TASK DESCRIPTION: Wherever an image appears in the data, omit it and copy all the remaining text word for word.

GIVEN MATERIAL:
□ □ □ □ □ □ □

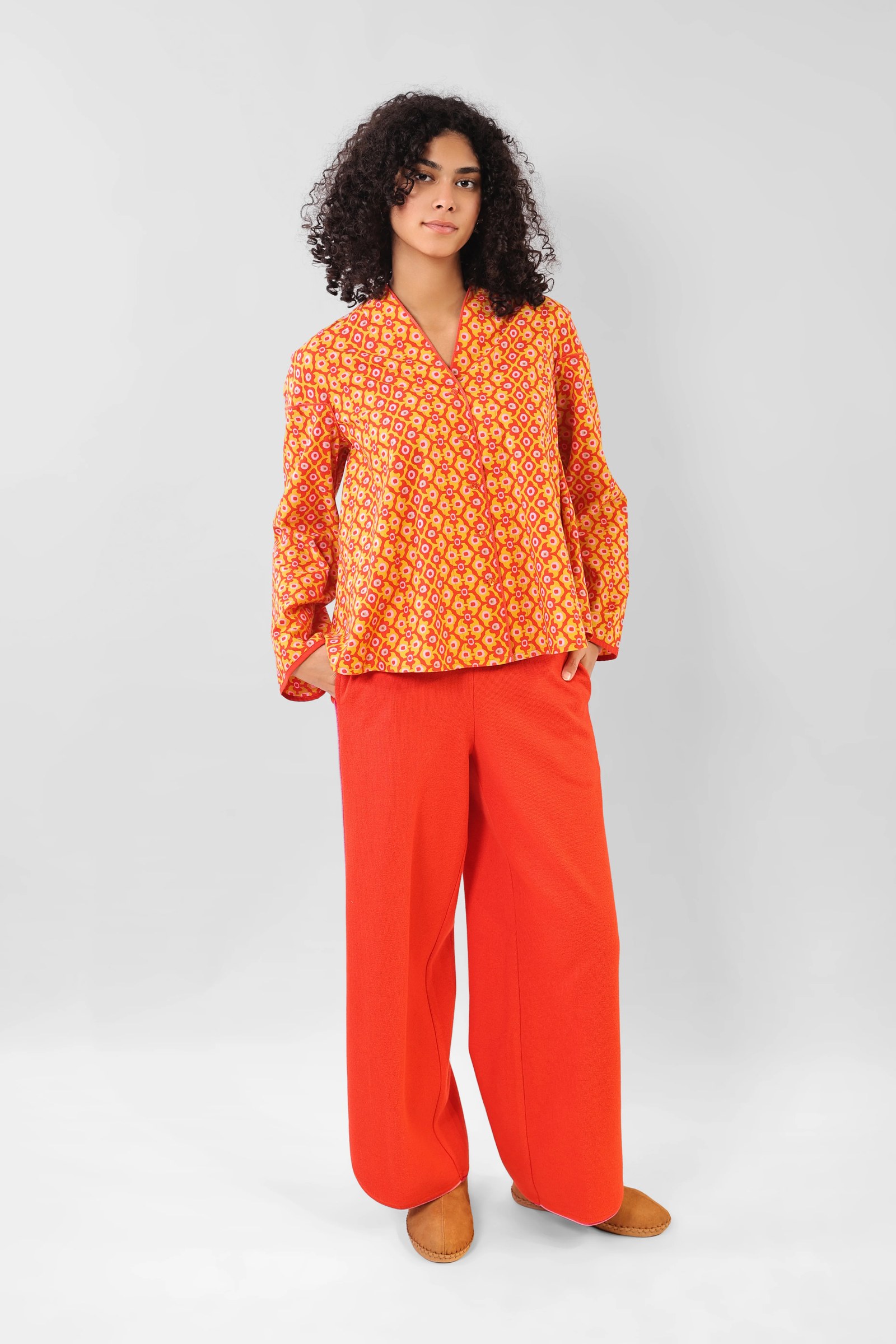 Shirt in printed cotton with button down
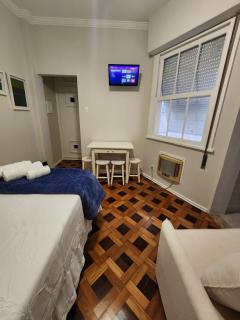 Complete studio one block from Flamengo beach - 6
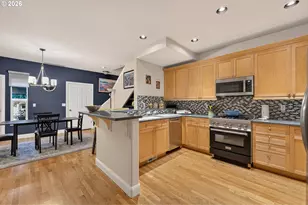 1027 NE Hancock St, Portland, OR 97212 - Photo 17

□ □ □ □ □ □ □

THE ANSWER:
 Shirt in printed cotton with button down
 Complete studio one block from Flamengo beach - 6
 1027 NE Hancock St, Portland, OR 97212 - Photo 17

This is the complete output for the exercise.